> **Brief**
Copy the listing verbatim, excluding any images found in it.

> **Data block**
= Beginning of Section =

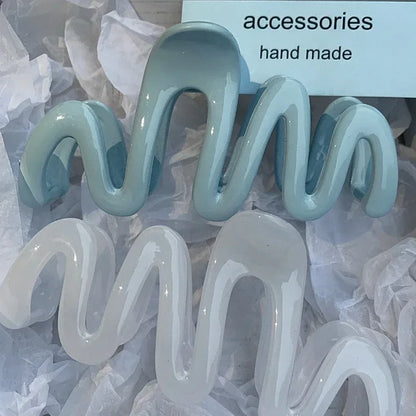 Jelly Wave Clips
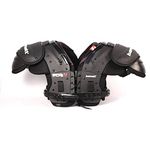 Barnett MARK IV Football Shoulder Pad Pro, OL-DL, Size M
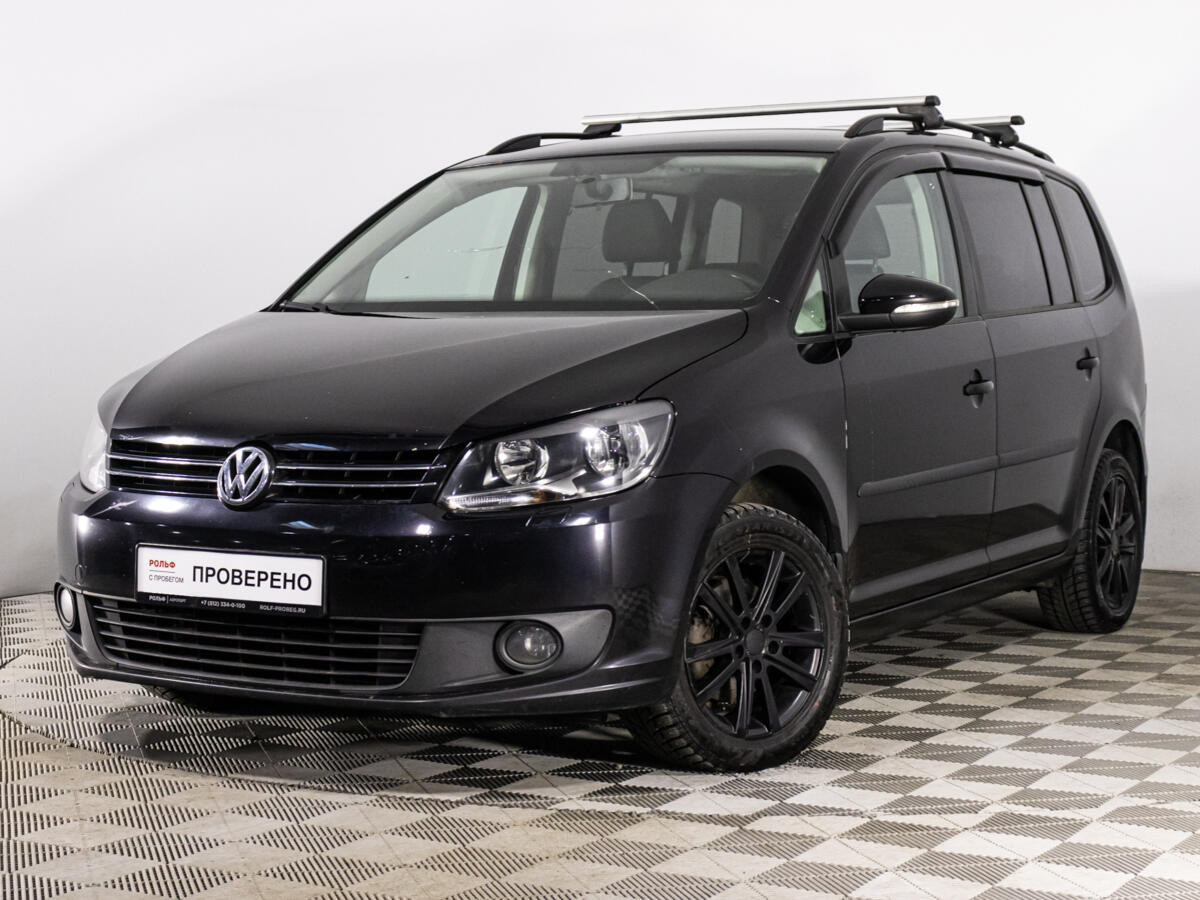 Volkswagen Touran 2010 с пробегом 175542 км в Санкт-Петербурге, цена 1 149  789 ₽ | Колёса авто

= End of Section =

> **Solved exercise**
 Jelly Wave Clips
 Barnett MARK IV Football Shoulder Pad Pro, OL-DL, Size M
 Volkswagen Touran 2010 с пробегом 175542 км в Санкт-Петербурге, цена 1 149  789 ₽ | Колёса авто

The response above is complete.